A polícia pernambucana sustenta que houve monitoramento por parte dos serviços de inteligência da PM, que teria encontrado o grupo às 3h30 quando quatro pessoas socorreriam os quatro atuantes no assalto. “Tentou-se a rendição, mas como já é uma prática desse tipo de criminosos, eles atentaram contra a vida dos policiais. Socorremos feridos para uma unidade de pronto atendimento, mas não resistiram. Eram bandidos extremamente perigosos e, pelas informações iniciais, envolvidos em diversos assaltos a bancos, como um em Belo Jardim e outro anterior em Santa Cruz do Capibaribe”, defende o tenente-coronel Lúcio Flávio de Campos, comandante do 24° Batalhão da PM, na nota à Ponte.
A PM afirma que participaram dessa operação, pelo lado pernambucano, além do 24° BPM, o Bepi (Batalhão Especializado de Policiamento do Interior), o GTA (Grupamento Tático Aéreo da SDS), a DHPP (Delegacia de Santa Cruz do Capibaribe e o Departamento de Homicídios e Proteção à Pessoa). Pela Paraíba, estiveram envolvidas as Polícias Militar e Civil daquele estado. Os materiais apreendidos foram encaminhados à 21ª Delegacia de Polícia de Homicídios, em Santa Cruz do Capibaribe, que dará andamento às investigações.
Histórico de PMs vingativos
Em entrevista à Ponte, Derick Coelho, articulador do Fórum Popular de Segurança Pública de Pernambuco, aponta que a ação tem indícios de vingança. “Há uma cultura na polícia, enquanto instituição, de vingança. Não é algo institucionalizado, mas existe. Quando se mata um policial há essas evidências de que os policiais se movimentam como se fosse uma vingança. Quem cometeu os homicídios não vão sair em sua grande maioria vivos, não vão passar pelo processo de justiça”, argumenta Derick.
Para articulador, apesar de ser prematura, o modus operandi dessa operação com oito mortos é o mesmo de outros crimes em que há morte de agentes de segurança. “Casos onde policiais foram mortos e que logo em seguida a polícia se mobiliza como um todo em sua parte investigativa, de operação ostensiva, para que procure e achem as pessoas, que na maioria das vezes não são presos. Sempre tem as trocas de tiro e nessas trocas de tiros resultam nas mortes. É sempre essa narrativa. A gente não pode dar essa certeza, mas é uma possibilidade dentro de uma cultura que já existe”, explica Coelho, que completa que essa cultura é alimentada pela sociedade. “As pessoas pedem que aconteçam essas mortes, pois tem toda a figura de que o policial é herói e é incorruptível. Não se enxerga essas mortes como vingança, mas sim como justiça”, finaliza.

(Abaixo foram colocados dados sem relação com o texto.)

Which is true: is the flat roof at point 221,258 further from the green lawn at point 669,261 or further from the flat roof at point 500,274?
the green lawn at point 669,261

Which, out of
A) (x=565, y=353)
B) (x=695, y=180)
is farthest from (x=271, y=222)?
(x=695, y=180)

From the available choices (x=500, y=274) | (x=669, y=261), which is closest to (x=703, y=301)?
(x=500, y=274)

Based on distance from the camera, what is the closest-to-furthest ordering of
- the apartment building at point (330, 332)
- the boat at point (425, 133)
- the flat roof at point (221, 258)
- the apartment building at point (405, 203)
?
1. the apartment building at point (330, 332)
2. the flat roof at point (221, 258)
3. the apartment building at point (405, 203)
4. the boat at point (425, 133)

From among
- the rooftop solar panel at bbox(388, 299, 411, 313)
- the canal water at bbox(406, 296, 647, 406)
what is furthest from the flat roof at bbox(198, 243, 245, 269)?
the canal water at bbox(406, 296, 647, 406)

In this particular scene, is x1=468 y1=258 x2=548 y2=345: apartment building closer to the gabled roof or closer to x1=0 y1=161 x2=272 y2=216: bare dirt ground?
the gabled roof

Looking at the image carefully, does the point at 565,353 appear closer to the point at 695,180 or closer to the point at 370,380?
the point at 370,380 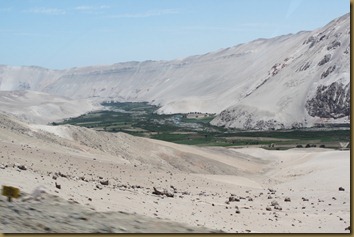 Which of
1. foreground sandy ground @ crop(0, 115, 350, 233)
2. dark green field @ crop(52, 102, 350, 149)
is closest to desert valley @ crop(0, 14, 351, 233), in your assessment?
foreground sandy ground @ crop(0, 115, 350, 233)

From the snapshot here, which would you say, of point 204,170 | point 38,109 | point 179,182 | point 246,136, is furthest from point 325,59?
point 38,109

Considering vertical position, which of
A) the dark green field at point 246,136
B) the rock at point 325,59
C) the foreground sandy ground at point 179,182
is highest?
the rock at point 325,59

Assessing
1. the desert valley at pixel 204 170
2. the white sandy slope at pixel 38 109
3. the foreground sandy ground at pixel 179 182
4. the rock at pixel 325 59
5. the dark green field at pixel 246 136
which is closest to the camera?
the desert valley at pixel 204 170

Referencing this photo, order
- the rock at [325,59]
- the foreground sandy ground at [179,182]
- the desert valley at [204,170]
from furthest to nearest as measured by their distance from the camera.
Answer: the rock at [325,59]
the foreground sandy ground at [179,182]
the desert valley at [204,170]

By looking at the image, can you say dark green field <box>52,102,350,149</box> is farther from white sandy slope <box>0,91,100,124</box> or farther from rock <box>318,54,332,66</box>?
white sandy slope <box>0,91,100,124</box>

Para Edna Jatobá, coordenadora executiva do GAJOP (Gabinete Assessoria Jurídica Organizações Populares), de Pernambuco, como em outros estados brasileiros, há um empenho muito maior da polícia na investigação de crimes que já tem observado. A resposta que a polícia dá nessas situações, de investigação, de encontrar os suspeitos, tem um desfecho em que esses suspeitos têm grande chance de serem mortos”, conta Jatobá.
A coordenadora também entona sobre o modo que as forças policiais atuam quando há morte de policiais. “As pessoas são encontradas mortas sempre com um enredo de que [os policiais] foram recebidos a tiros, mas uma troca de tiros em que morreram oito pessoas e nenhum policial ficou ferido. A gente tá falando de uma operação que contou com mais de 70 policiais envolvidos. Lamentamos muito a morte do policial, sabemos os riscos que esse profissional corre em decorrência de sua função, mas não comemoramos a morte de oito pessoas. Não podemos nos posicionar se foi certo ou errado, não estávamos lá, não temos precisão de como foram os fatos e os riscos, mas não apoiamos essa comemoração que muitas pessoas da cidade fizeram com a chegada dos corpos dessas oito pessoas”, argumenta Edna.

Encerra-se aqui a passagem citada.